### Aim of the task
Among the entries below, find the line with "Used BMW 5 Series" and the line with "Geely EX5 2026 - Foto ufficiali - 3". Return exactly those lines and every line between them, but no pictures.

### Given data
________________________

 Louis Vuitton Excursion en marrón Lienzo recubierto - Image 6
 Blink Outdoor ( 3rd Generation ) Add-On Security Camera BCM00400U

________________________

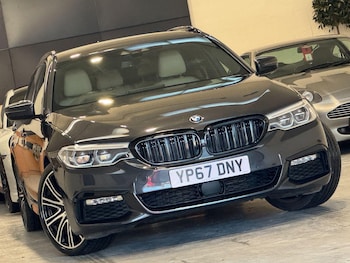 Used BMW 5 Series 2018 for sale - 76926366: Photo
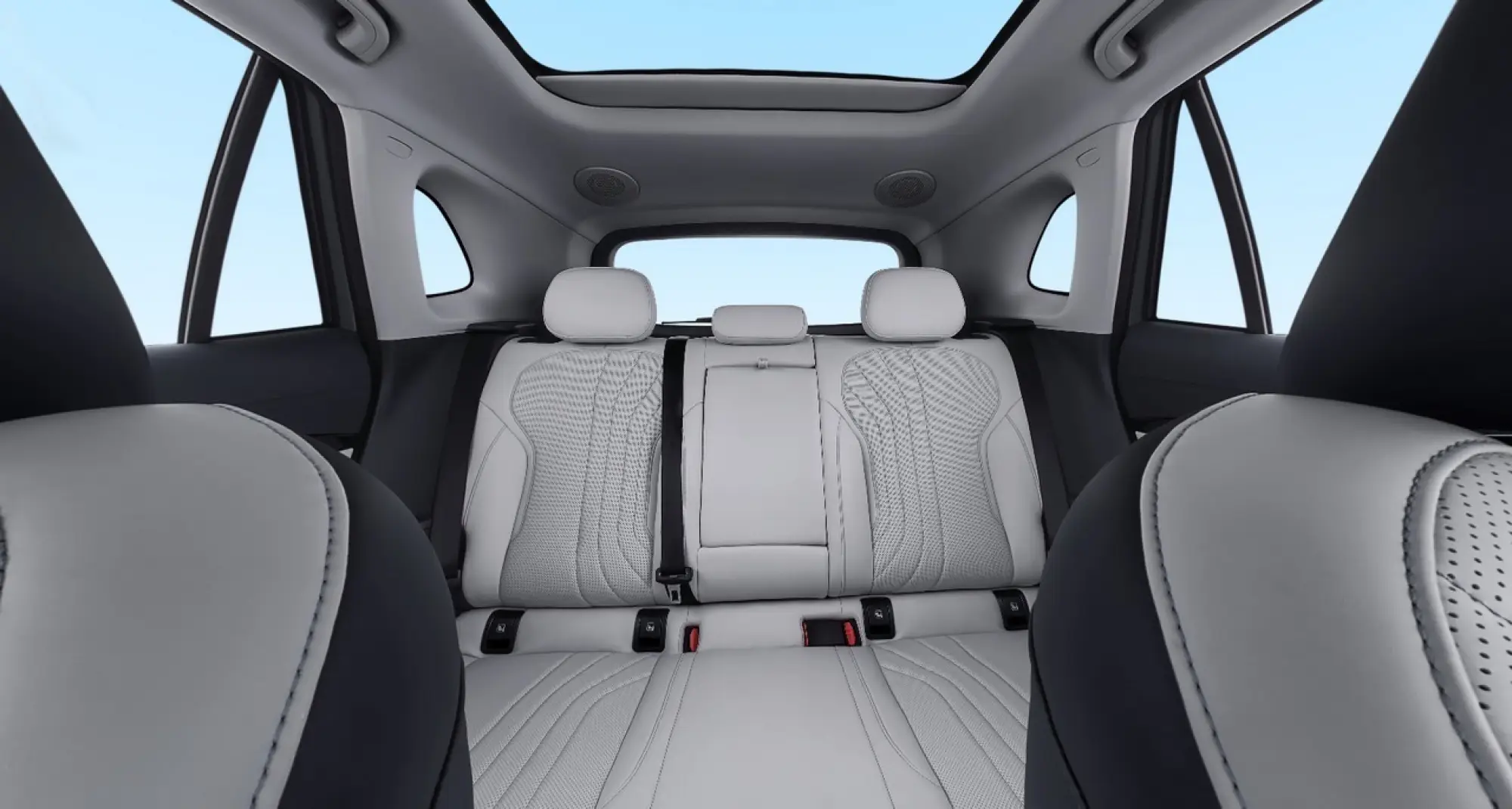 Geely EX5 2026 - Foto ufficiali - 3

________________________

### Answer to this exercise
 Used BMW 5 Series 2018 for sale - 76926366: Photo
 Geely EX5 2026 - Foto ufficiali - 3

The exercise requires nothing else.